TASK OBJECTIVE - Return, exactly and in full, the lines of the records below starting at the one with "Performance Polo - Fruit of the Loom" and ending at the one with "Remove from album", and no other lines.

STORED DATA -
────────────────
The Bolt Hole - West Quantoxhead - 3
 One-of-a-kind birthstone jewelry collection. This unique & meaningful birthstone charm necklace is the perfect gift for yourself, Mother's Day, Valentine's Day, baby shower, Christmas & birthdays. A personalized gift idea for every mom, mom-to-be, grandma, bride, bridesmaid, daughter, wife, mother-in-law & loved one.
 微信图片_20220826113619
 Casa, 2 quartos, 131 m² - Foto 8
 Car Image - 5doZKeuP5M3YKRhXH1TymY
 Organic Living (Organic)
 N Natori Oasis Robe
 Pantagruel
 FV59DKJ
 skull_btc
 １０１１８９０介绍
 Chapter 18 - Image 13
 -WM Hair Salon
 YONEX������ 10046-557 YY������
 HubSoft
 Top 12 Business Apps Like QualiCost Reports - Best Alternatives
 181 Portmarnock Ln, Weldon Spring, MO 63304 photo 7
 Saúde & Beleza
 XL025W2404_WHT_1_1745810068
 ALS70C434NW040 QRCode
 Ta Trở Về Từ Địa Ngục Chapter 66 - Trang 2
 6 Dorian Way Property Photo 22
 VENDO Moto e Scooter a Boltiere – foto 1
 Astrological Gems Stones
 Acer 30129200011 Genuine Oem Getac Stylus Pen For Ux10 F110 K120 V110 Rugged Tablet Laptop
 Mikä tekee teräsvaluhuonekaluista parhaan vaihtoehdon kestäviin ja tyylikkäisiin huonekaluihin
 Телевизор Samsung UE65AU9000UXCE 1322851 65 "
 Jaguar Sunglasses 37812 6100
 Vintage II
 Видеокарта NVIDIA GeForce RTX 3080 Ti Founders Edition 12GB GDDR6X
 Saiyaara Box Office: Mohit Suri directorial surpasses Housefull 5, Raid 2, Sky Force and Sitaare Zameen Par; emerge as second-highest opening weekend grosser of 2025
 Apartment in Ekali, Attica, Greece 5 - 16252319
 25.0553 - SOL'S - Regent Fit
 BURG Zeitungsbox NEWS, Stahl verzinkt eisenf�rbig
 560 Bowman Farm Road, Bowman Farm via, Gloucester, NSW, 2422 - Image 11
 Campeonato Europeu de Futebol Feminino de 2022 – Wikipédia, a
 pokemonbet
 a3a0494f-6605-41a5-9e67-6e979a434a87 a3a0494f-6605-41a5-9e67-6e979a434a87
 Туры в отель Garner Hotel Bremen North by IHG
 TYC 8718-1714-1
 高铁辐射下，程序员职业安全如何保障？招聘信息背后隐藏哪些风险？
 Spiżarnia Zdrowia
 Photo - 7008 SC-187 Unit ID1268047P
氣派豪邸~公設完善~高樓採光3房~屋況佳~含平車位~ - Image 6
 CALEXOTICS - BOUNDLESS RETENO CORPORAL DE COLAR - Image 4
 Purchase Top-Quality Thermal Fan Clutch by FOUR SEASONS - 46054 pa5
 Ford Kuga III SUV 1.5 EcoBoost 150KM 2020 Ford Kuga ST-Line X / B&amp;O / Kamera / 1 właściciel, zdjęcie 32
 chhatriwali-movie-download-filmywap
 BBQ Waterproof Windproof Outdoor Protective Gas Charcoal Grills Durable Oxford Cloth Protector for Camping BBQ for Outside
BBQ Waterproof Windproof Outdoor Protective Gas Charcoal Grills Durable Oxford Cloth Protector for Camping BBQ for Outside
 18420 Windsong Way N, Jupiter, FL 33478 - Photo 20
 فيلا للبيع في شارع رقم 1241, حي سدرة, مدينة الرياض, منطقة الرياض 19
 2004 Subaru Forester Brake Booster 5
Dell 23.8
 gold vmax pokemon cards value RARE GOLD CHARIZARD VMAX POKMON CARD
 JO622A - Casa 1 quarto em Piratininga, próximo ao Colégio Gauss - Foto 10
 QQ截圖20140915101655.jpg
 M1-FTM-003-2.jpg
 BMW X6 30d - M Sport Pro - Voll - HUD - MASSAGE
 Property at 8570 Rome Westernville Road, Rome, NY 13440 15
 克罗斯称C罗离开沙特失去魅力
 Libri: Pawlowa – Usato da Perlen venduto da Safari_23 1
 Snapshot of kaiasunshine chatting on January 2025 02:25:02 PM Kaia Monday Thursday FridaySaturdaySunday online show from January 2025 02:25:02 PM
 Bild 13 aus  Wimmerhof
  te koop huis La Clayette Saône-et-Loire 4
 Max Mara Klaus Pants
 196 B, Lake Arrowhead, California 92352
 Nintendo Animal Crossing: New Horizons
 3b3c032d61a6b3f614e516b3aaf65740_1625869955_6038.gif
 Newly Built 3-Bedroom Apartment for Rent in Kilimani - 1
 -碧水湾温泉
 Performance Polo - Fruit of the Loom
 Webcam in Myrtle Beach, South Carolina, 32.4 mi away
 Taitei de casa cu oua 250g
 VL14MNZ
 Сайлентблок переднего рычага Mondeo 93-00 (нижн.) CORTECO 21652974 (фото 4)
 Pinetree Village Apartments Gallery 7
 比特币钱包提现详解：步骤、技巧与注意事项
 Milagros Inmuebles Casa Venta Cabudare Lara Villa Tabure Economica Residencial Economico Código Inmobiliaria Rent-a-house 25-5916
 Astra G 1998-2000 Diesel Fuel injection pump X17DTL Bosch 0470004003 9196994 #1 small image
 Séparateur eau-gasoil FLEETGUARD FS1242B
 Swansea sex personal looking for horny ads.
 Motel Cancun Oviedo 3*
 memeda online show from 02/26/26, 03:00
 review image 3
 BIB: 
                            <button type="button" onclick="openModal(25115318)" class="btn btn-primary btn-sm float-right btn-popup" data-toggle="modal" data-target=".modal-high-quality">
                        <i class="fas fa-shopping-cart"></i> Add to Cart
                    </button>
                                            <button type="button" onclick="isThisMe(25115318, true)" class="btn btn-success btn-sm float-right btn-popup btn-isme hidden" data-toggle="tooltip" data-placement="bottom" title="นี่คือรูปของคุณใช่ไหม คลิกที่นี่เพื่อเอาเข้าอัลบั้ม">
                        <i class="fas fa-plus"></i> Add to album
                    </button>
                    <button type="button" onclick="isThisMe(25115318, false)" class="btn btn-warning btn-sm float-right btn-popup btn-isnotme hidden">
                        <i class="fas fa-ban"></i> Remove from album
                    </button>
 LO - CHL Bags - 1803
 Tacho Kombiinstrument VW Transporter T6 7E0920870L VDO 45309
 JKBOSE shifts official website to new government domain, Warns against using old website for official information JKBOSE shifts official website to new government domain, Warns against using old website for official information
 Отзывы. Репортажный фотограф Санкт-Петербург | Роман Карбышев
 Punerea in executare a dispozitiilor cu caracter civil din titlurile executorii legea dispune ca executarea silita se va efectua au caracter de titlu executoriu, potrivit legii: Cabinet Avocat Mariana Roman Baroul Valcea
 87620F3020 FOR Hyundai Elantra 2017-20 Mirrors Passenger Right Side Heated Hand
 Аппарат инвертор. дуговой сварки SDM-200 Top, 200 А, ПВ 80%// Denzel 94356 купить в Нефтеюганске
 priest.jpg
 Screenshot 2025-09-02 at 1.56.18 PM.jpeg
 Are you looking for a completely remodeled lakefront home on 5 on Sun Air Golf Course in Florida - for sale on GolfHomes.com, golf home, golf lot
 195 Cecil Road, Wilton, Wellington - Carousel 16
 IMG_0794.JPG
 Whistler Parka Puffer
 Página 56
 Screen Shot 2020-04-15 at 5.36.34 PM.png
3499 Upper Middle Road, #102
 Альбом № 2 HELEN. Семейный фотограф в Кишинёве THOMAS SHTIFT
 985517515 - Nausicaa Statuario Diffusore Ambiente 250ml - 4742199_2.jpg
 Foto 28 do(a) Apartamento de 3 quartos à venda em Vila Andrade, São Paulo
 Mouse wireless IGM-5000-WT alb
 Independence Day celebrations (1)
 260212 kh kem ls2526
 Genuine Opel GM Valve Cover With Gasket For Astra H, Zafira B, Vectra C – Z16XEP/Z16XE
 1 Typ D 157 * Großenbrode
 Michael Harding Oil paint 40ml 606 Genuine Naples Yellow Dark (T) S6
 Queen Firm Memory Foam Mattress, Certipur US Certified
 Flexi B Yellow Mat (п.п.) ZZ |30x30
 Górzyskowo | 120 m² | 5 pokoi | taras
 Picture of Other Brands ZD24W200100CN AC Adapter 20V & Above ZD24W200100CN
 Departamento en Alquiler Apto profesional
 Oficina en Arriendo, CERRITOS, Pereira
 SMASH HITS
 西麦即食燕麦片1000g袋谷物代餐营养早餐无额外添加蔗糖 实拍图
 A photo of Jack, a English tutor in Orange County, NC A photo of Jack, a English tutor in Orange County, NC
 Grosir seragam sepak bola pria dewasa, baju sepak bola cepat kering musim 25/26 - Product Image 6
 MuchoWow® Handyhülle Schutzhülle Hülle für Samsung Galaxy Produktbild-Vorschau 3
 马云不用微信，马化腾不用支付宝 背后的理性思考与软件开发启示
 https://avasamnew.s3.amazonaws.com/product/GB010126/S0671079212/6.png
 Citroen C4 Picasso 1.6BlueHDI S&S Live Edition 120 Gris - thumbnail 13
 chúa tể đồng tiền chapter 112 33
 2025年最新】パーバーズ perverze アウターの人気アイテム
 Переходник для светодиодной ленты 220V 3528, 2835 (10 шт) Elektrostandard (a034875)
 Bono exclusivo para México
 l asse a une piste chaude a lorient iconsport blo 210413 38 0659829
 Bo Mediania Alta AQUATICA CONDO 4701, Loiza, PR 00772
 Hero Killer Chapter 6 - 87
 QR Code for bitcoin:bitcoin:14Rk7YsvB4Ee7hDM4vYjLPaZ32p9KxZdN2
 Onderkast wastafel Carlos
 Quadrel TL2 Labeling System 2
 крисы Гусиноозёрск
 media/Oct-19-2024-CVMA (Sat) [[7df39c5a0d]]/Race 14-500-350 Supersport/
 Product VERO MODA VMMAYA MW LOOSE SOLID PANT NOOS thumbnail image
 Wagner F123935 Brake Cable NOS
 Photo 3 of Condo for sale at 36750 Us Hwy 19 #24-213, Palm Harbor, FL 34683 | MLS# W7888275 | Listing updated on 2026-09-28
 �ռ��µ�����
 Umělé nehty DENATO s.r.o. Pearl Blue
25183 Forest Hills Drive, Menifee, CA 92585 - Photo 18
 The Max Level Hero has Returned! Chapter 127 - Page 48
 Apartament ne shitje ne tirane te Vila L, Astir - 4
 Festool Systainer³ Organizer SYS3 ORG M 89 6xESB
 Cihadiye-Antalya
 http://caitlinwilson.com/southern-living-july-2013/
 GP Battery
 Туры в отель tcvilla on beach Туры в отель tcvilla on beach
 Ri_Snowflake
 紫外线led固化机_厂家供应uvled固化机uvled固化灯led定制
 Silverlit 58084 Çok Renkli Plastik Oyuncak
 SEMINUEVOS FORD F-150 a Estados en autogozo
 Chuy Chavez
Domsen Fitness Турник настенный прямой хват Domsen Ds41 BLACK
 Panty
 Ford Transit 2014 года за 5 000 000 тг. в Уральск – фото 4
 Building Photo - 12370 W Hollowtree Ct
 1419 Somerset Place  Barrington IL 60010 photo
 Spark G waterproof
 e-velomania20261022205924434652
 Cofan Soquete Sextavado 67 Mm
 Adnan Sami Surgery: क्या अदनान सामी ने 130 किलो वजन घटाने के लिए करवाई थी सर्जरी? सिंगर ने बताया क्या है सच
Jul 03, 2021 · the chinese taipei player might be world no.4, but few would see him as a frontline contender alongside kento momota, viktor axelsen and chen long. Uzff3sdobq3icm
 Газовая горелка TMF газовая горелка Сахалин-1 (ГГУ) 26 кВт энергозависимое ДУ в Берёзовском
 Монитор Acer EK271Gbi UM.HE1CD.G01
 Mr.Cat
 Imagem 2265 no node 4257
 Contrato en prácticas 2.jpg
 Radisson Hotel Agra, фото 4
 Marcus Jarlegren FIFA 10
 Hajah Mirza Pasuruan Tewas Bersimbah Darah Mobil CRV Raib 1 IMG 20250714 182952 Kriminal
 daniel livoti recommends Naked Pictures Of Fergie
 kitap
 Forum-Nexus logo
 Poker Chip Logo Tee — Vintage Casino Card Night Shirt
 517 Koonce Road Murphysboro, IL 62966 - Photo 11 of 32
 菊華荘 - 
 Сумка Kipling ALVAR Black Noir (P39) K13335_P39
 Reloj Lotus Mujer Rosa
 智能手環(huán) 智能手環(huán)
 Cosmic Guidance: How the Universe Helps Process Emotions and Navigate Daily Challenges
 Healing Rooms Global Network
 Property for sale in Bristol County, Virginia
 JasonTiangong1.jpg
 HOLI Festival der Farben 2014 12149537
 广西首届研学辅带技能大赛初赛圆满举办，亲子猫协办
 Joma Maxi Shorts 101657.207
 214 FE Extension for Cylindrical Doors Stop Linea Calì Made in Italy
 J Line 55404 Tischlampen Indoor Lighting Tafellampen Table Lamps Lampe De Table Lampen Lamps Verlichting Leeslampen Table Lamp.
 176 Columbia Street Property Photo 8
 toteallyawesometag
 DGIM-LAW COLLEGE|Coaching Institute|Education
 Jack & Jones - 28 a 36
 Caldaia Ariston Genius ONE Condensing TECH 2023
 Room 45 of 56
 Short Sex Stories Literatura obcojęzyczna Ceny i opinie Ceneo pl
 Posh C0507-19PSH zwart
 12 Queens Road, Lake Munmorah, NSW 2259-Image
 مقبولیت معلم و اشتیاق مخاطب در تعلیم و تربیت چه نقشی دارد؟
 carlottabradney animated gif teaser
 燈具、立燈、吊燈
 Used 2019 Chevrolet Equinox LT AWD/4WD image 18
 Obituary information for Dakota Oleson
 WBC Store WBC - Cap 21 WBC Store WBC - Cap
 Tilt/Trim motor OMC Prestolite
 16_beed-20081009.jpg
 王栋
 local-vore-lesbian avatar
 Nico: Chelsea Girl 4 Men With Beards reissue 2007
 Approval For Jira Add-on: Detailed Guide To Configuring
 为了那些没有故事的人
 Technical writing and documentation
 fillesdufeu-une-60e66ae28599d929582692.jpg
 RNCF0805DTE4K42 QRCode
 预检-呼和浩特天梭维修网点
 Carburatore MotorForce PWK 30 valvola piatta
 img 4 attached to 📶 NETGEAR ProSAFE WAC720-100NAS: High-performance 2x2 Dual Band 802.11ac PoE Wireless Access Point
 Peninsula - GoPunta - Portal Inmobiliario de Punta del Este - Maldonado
────────────────
RESULT -
 Performance Polo - Fruit of the Loom
 Webcam in Myrtle Beach, South Carolina, 32.4 mi away
 Taitei de casa cu oua 250g
 VL14MNZ
 Сайлентблок переднего рычага Mondeo 93-00 (нижн.) CORTECO 21652974 (фото 4)
 Pinetree Village Apartments Gallery 7
 比特币钱包提现详解：步骤、技巧与注意事项
 Milagros Inmuebles Casa Venta Cabudare Lara Villa Tabure Economica Residencial Economico Código Inmobiliaria Rent-a-house 25-5916
 Astra G 1998-2000 Diesel Fuel injection pump X17DTL Bosch 0470004003 9196994 #1 small image
 Séparateur eau-gasoil FLEETGUARD FS1242B
 Swansea sex personal looking for horny ads.
 Motel Cancun Oviedo 3*
 memeda online show from 02/26/26, 03:00
 review image 3
 BIB: 
                            <button type="button" onclick="openModal(25115318)" class="btn btn-primary btn-sm float-right btn-popup" data-toggle="modal" data-target=".modal-high-quality">
                        <i class="fas fa-shopping-cart"></i> Add to Cart
                    </button>
                                            <button type="button" onclick="isThisMe(25115318, true)" class="btn btn-success btn-sm float-right btn-popup btn-isme hidden" data-toggle="tooltip" data-placement="bottom" title="นี่คือรูปของคุณใช่ไหม คลิกที่นี่เพื่อเอาเข้าอัลบั้ม">
                        <i class="fas fa-plus"></i> Add to album
                    </button>
                    <button type="button" onclick="isThisMe(25115318, false)" class="btn btn-warning btn-sm float-right btn-popup btn-isnotme hidden">
                        <i class="fas fa-ban"></i> Remove from album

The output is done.